Essa previsão da paixão é um momento crucial na vida dos discípulos, que ainda não compreendem completamente o significado desse anúncio. A entrega de Jesus nas mãos dos homens não é um sinal de fraqueza, mas parte de sua missão redentora. Ele se entrega voluntariamente por amor, para a salvação de toda a humanidade.
Sua morte é a expressão máxima do amor de Deus, e a ressurreição é a vitória definitiva sobre o pecado e a morte. O contraste entre a missão de Jesus e a atitude dos discípulos é evidente quando, logo após esse anúncio, eles discutem sobre quem seria o maior entre eles.
Jesus, ao perceber essa discussão, oferece um ensinamento radical: “Se alguém quiser ser o primeiro, seja o último de todos e aquele que serve a todos”. No Reino de Deus, a verdadeira grandeza está no serviço, na humildade e na capacidade de colocar-se em último lugar para o bem do próximo.

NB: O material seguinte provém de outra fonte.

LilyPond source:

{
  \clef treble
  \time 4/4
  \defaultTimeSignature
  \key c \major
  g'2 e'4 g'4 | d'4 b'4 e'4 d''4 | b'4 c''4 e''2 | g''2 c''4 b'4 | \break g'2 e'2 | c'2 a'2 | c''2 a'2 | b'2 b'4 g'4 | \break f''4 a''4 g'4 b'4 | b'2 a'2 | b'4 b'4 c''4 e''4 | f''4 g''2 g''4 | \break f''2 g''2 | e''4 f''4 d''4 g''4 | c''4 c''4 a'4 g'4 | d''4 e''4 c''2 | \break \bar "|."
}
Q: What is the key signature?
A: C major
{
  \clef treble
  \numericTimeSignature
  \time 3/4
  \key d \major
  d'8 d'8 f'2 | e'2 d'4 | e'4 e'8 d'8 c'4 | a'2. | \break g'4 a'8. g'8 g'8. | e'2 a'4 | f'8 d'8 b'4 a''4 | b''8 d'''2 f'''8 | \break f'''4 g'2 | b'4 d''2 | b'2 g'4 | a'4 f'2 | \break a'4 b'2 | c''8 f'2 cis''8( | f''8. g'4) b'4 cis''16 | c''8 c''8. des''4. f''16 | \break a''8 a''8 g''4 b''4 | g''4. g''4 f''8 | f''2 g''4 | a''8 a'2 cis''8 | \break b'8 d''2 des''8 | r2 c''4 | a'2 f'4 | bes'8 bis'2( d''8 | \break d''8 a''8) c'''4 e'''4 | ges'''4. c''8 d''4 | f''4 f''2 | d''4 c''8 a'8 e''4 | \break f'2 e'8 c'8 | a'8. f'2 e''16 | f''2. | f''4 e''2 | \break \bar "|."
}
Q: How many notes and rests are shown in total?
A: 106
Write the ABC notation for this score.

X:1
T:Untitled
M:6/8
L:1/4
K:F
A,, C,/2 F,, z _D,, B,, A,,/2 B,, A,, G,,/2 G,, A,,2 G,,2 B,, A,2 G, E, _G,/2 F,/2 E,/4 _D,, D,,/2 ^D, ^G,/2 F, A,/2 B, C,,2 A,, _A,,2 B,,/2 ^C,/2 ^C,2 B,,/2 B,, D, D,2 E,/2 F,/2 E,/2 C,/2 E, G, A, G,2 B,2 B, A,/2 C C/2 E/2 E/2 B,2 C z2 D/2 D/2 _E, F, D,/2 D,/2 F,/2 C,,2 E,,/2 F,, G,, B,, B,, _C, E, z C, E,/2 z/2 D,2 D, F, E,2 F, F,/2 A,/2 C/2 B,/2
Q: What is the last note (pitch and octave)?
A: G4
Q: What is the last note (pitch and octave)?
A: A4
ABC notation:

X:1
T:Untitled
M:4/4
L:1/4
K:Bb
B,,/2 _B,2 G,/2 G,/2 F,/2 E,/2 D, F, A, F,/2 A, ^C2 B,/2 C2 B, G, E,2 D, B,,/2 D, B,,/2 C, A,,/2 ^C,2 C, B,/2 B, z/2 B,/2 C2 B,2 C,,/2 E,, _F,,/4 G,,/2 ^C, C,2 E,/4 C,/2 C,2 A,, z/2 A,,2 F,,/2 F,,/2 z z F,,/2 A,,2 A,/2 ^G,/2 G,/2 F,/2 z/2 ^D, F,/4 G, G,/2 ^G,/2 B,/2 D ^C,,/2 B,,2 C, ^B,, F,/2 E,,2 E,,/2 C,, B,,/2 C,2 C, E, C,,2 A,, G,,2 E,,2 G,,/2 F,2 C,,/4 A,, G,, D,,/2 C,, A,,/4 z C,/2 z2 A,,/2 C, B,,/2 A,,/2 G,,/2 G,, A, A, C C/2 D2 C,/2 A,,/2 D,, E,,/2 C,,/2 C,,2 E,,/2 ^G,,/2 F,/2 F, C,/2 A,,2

A imagem da criança que Jesus coloca no centro dos discípulos reforça esse ensinamento. Na sociedade da época, as crianças não tinham status ou importância social. Ao dizer que “quem receber uma dessas crianças em meu nome, a mim me recebe”, Jesus destaca que a acolhida dos mais humildes e vulneráveis é, na verdade, uma acolhida a Ele próprio e ao Pai que o enviou.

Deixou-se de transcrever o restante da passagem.